Desde o primeiro aborto — do filho que teria de Luís Ramos (teria outros dois espontâneos mais tarde) — Hebe se dividiu entre realizar o desejo de sua mãe, que a queria como uma ‘respeitada dona de casa’ e o de ser uma estrela. Namorou e ganhou joias de Peppino Matarazzo, o primeiro filho do Conde Francisco Matarazzo, então o homem mais rico do Brasil. Ao término do namoro, devolveu as joias e fez questão de registrar o feito em cartório: não queria ser acusada pelos Matarazzo de haver seduzido Peppino por dinheiro.
A “Moreninha do Samba” decidiu se tornar loira seguindo o modelo das estrelas de cinema de Hollywood na qual se inspirava.
Traindo a visão do primeiro diretor da televisão brasileira, Cassiano Gabus Mendes, de que seu rosto e seu corpo (peitos avantajados numa época em que o silicone não havia entrado na moda) não eram adequados ao veículo, ela acabaria se tornando símbolo da televisão. Chegou ao topo quando decidiu deixar tudo para trás e se casar com o empresário Décio Capuano (na minissérie, interpretado por Gabriel Braga Nunes), pai de seu único filho, Marcello (vivido brilhantemente por Caio Horowics). A vida doméstica, no entanto, duraria pouco.

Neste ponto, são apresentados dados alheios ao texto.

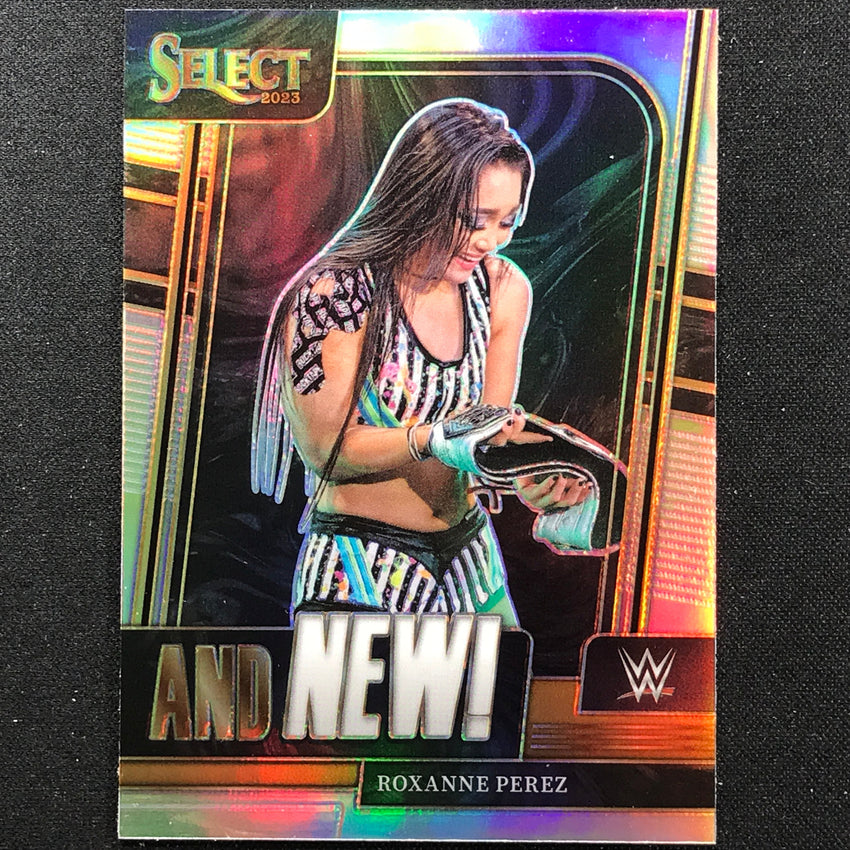 2023 Select Wwe Roxanne Perez And New Silver Prizm No 4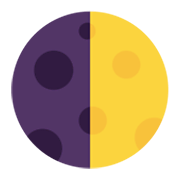 Emoji 🌓 Primo Quarto Di Luna su Microsoft Windows 11 November 2021 Update.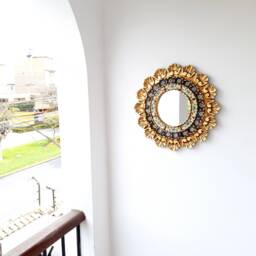 "Peruvian Mirrors ""Dark Blue Shell 40cm" - thumbnail 3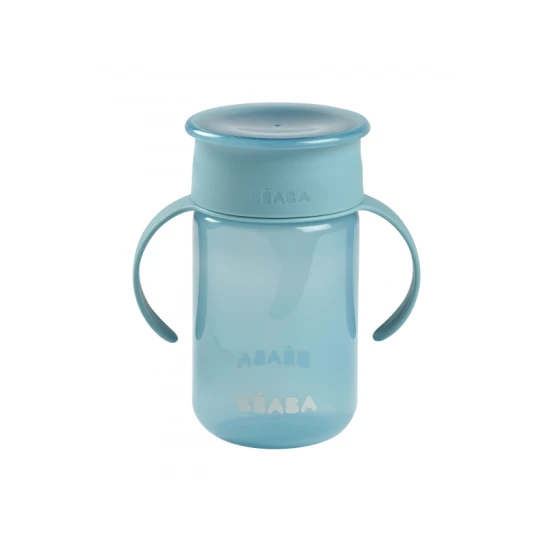 Béaba Hrnček trénovací 360° Blue 340 ml 12m+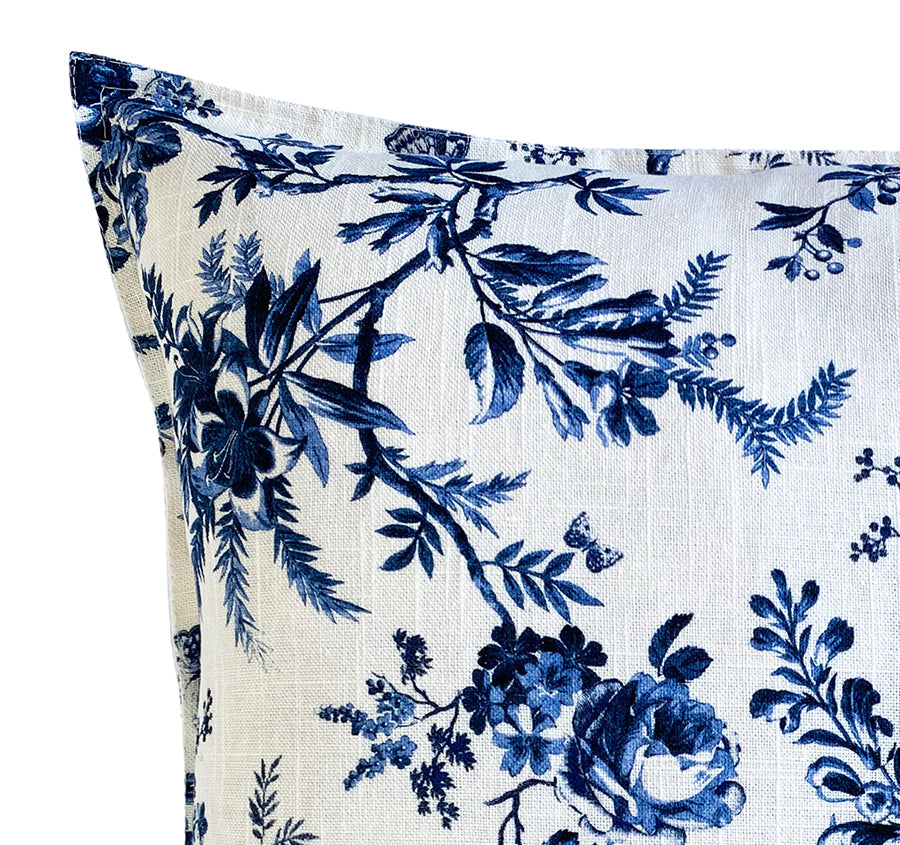 Walled Garden 50x50cm Filled Cushion Midnight Blue
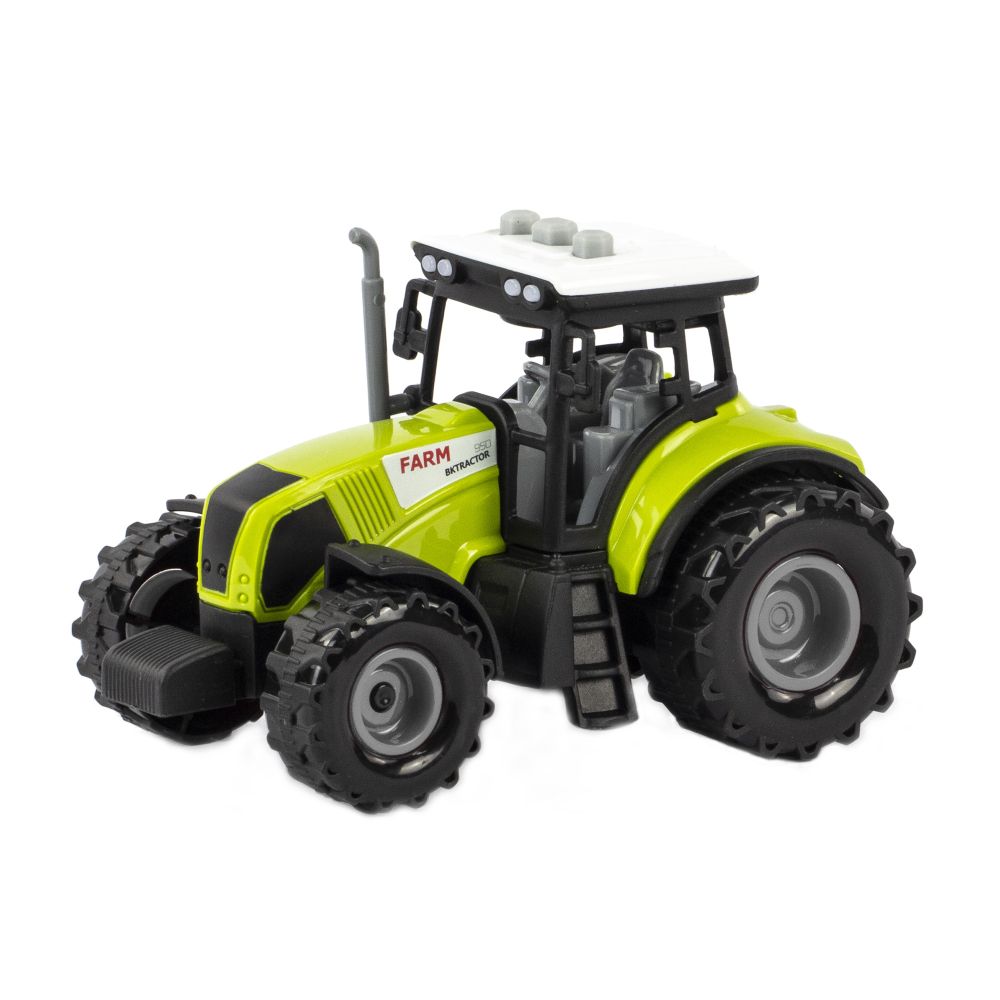 Tractor Lights & Sounds toy with friction power, realistic details, and interactive lights and sound effects for kids.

Nos tempos do ie-ie-iê e da Jovem Guarda de Roberto Carlos, amigo e ídolo, Hebe era assediada por emissoras e a possibilidade de extraordinários ganhos a fez trocar um marido para quem lugar de mulher era em casa pelas luzes da TV Record de Paulo Machado de Carvalho. Brilhou como nunca.
Mas apesar de ter assinado seu primeiro contrato de trabalho aos 14 anos (ganhando independência financeira), Hebe não sabia ser independente dos homens. Com o empresário Lélio Ravagnani, viveu 29 anos, entre altos e baixos, tapas e beijos.
Da TV Record para o SBT, e deste para a Rede TV!, depois do retorno Hebe não parou mais. Tornou-se a garota-propaganda com maior faturamento do país — mais de US$ 100 milhões/ ano quando o real valia um dólar — e entrou de salto alto na defesa de aposentados e pensionistas contra o aumento que os constituintes se deram em 1987.
Mesmo sendo malufista declarada, atacou a corrupção. Fez mais: foi a primeira a debater as questões relacionadas à AIDS e levou para o seu sofá aqueles que chocavam a censura ainda resistente mesmo com o fim da ditadura militar – a exemplo da transsexual Roberta Close e a sempre e eternamente debochada Dercy Gonçalves, que mostrou os peitos no programa. Isso lhe valeu a demissão ao vivo na Band, então sob o comando de Walter Clark, que havia deixado a emissora dos Marinhos para cuidar da emissora dos Saad.
Hebe — a cara do Brasil e de suas contradições — foi mãe, matriarca e matrona da TV, o meio que ajudou o Brasil, hoje infelizmente fragmentado, a se conhecer e se unir.
É mais que apropriado que sua memória seja celebrada pela Globo.